Black was promoted lieutenant colonel on 30 June 2000. He was on intelligence duty on the night of 11–12 September 2001, and retired the service on 1 July 2002, his last posting being a secondment to the Cabinet Office as an intelligence adviser to the Prime Minister, the Joint Intelligence Committee and COBR (Cabinet Office Briefing Room).

In the early 1990s, he and his Welsh Guards were the subject of a BBC television documentary by Molly Dineen called In the Company of Men. In the course of that, Black said that if John Birt (then Director-General of the BBC) had been a member of his regiment, he would have had him sacked, and one commentator described him as the "suavely telegenic star" of the documentary.

==Author and journalist==
Black is a frequent contributor to major British newspapers on terrorism and intelligence matters, including The Daily Telegraph, The Guardian, and The Independent.

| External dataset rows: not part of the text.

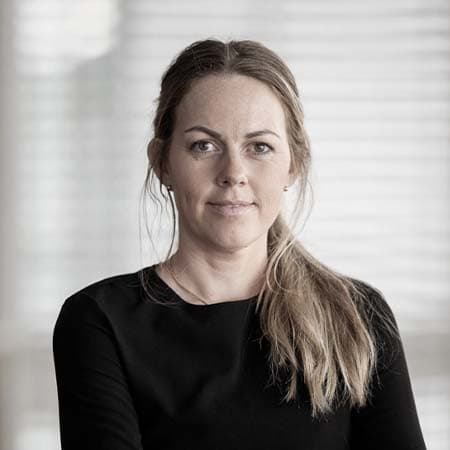 IDA GRØSTAD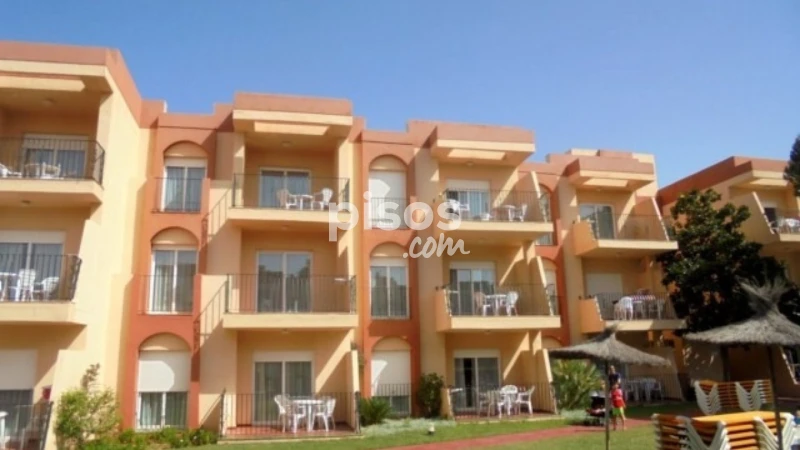 Apartment for sale in Novo Sancti Petri, Novo Sancti Petri-Loma de Sancti Petri (Chiclana de la Frontera) of 115.000 €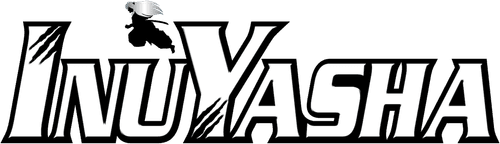 InuYasha — logos 4
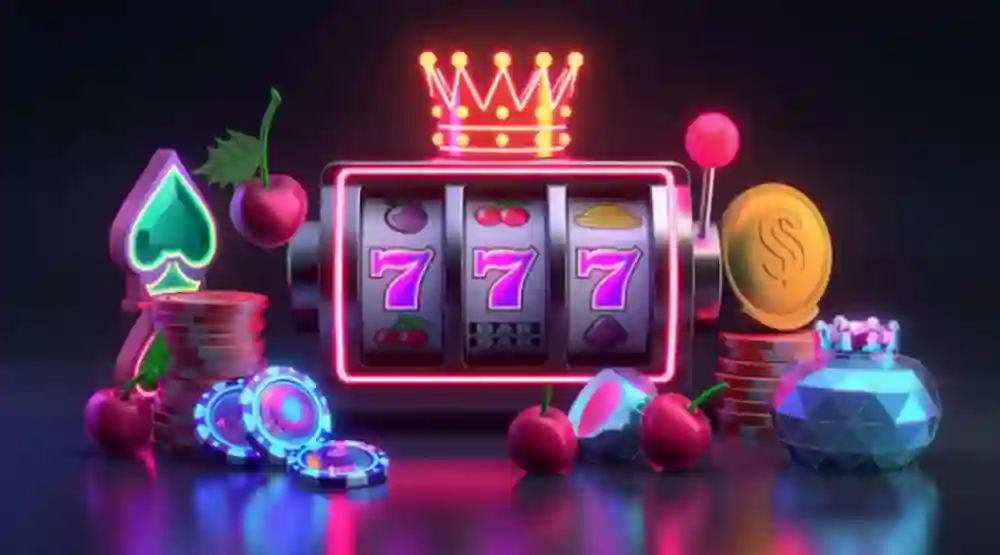 Slot Gacor
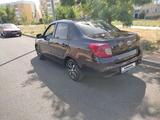Datsun on-DO 2014 года за 2 450 000 тг. в Алматы – фото 5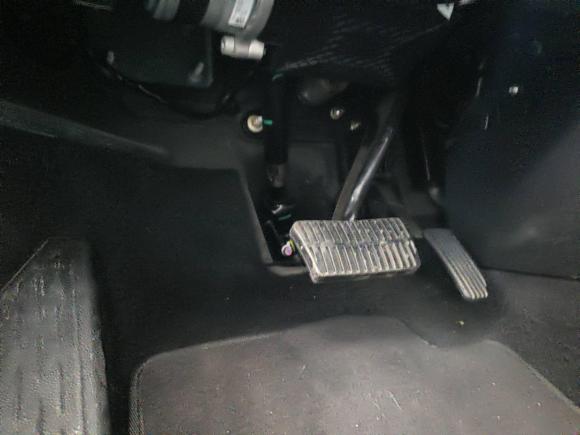 [杭州·浙A] 二手别克英朗2019款 18T 自动互联精英型 国VI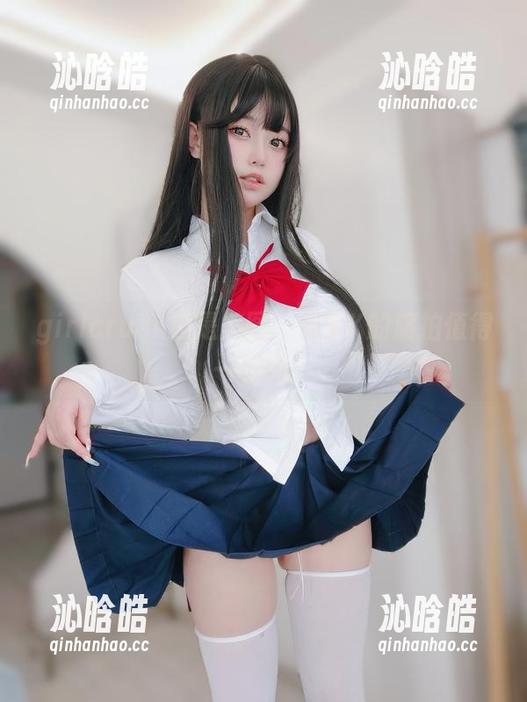 girlcrush还是美图，女主K的旅拍值得一看吗？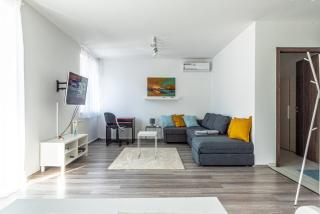 Amphora Luxury Apartment with FREE private Parking and cozy Balcony - Budapest - 9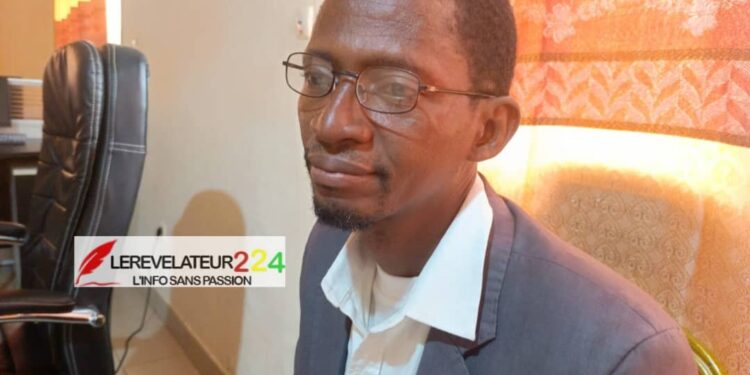 Guinée: Des élections référendaires sans opposition, un risque pour la démocratie ( Par Mansaré Soumah Naby Moussa)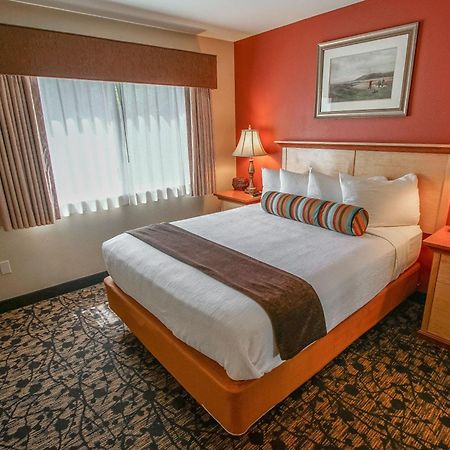 Whispering Woods Resort Welches 外观 照片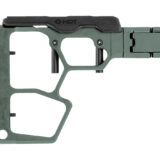 Mdt Sporting Goods Inc 114484CCG SRS-XF Cerakote Charcoal Green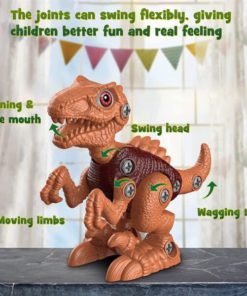 Dinosaur Toys,Construction Building,Construction Building Dinosaur Toys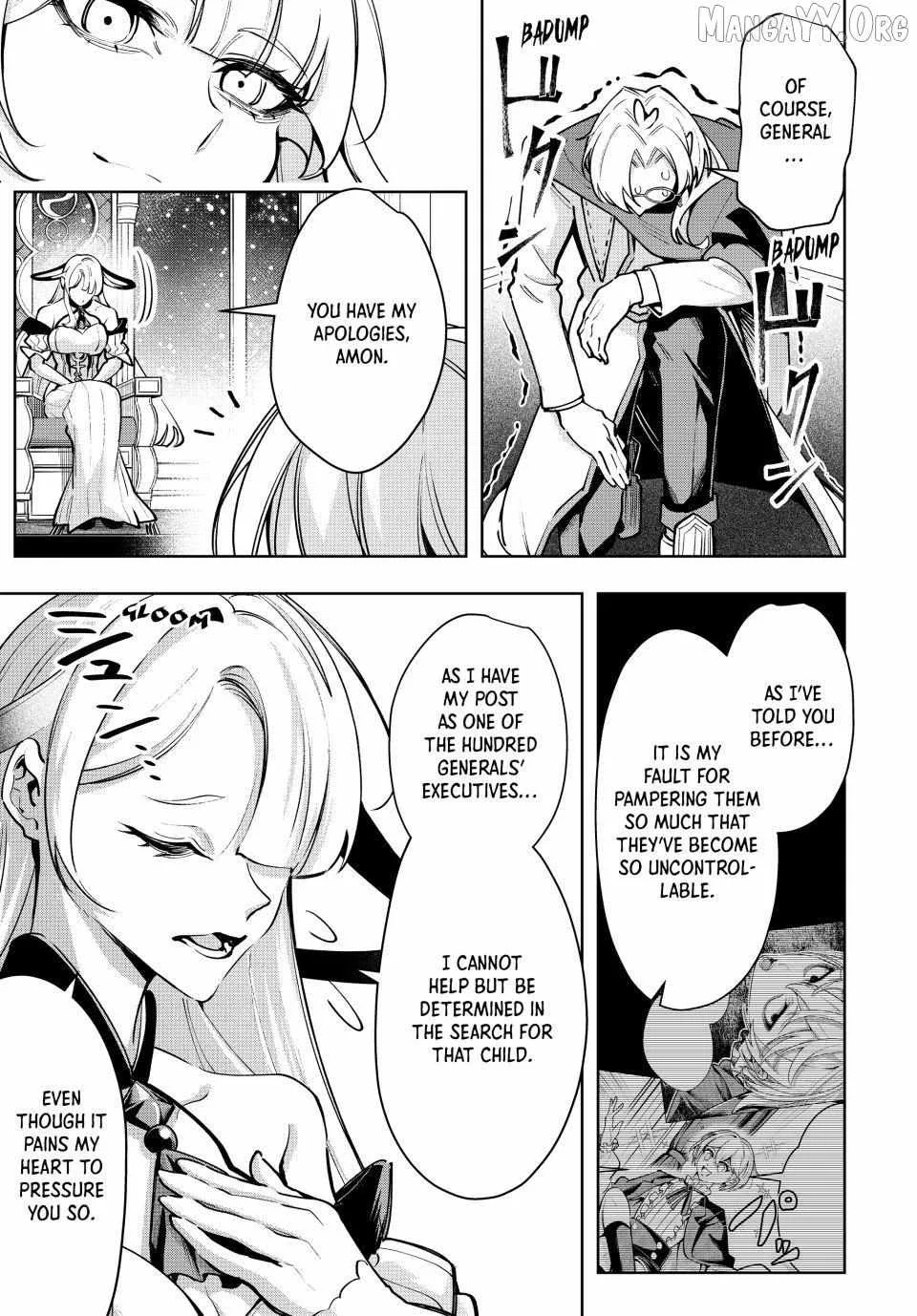 Majutsu Guild Sousui ~Umarekawatte Imasara Yarinaosu Nidome no Gakuin Seikatsu~ Chapter 100 page 5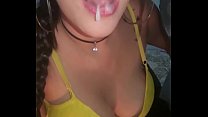 hd she loves taking cum in her mouth porn
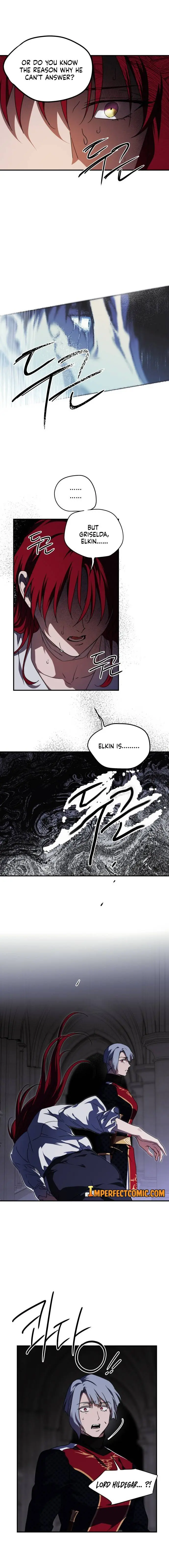 Blinded By The Setting Sun Chapter 49 - Page 14
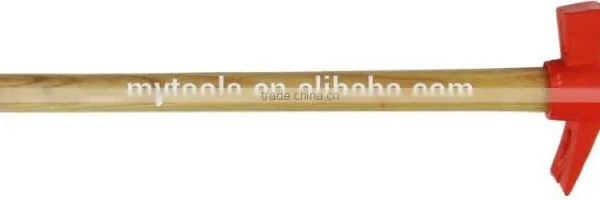 Claw Hammer With Wooden Handle for Middle East photo-2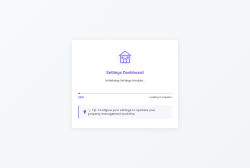 Page screenshot: Havenlytics &rarr; Settings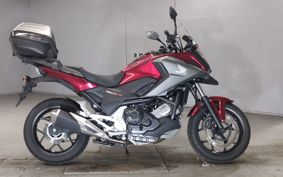 HONDA NC750X RC90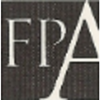 Frank Pizzurro Architects Logo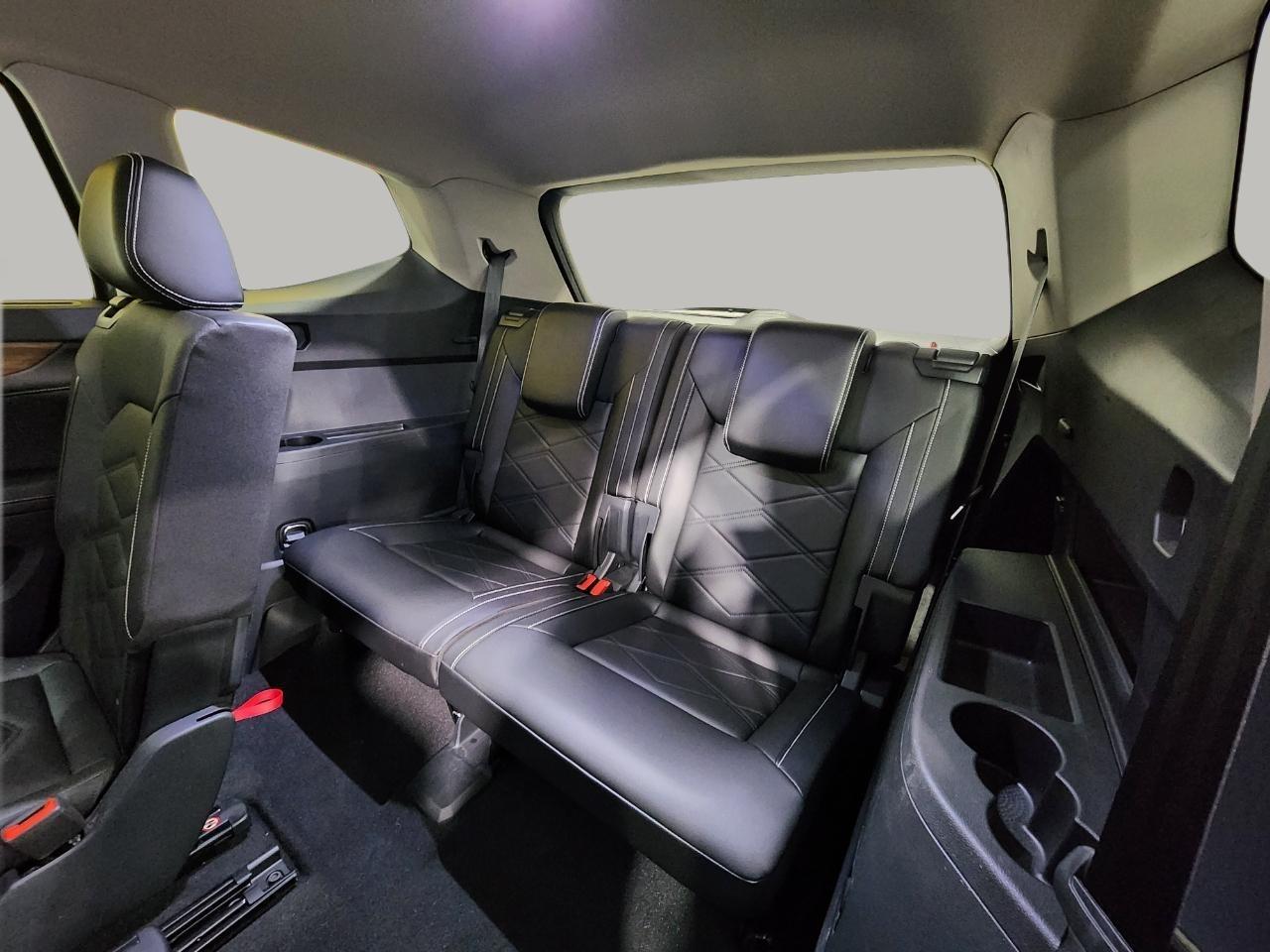 Volkswagen Atlas  2024
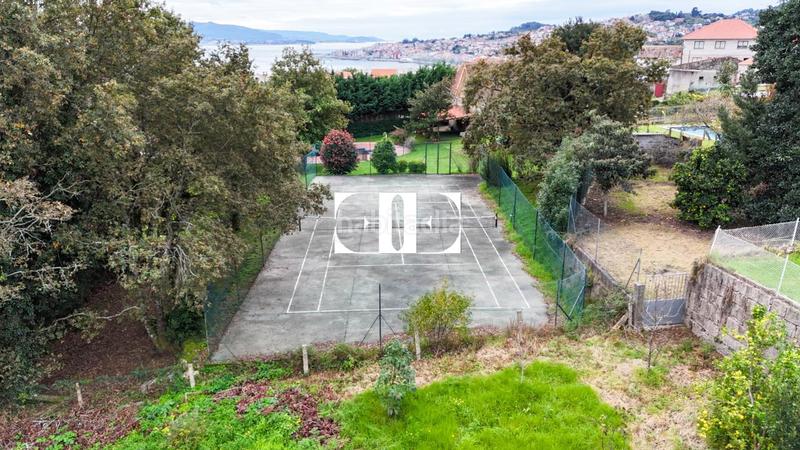 Foto f365e526-eea9-4b81-8263-be8268f25178. Chalet mit heizung pool in Moaña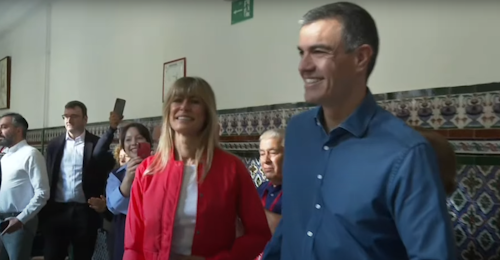 El PP gana las Europeas en España con 22 escaños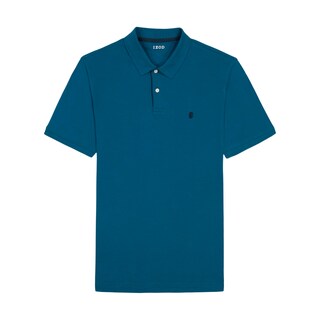 Foto 4 | Foto 4 | Polo Izod De Manga Corta Interlock Para Hombre Legion Blue - Venta Internacional.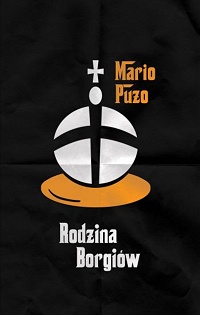 Mario Puzo ‹Rodzina Borgiów›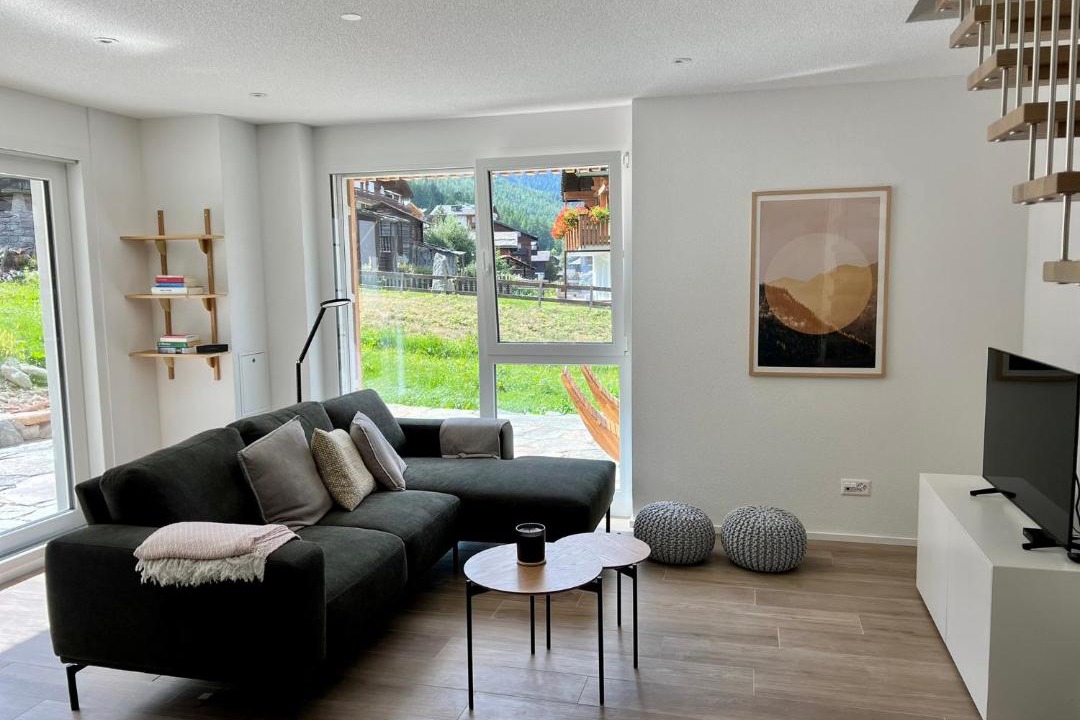 Photo of Livingroom in Graechen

In July 2004, Black wrote of the 2003 invasion of Iraq that George W. Bush and Tony Blair had "cooked the intelligence books on both sides of the Atlantic". He has been critical of all three major British political parties on Afghanistan, writing in 2010 "The Iraq War was a two-party stitch-up between the Labour government and an eager Conservative opposition. This time round on Afghanistan it's a three-party stitch-up." He has also suggested that the outcome in Afghanistan remains a gamble and questioned whether politicians with no military experience should be left to take such decisions.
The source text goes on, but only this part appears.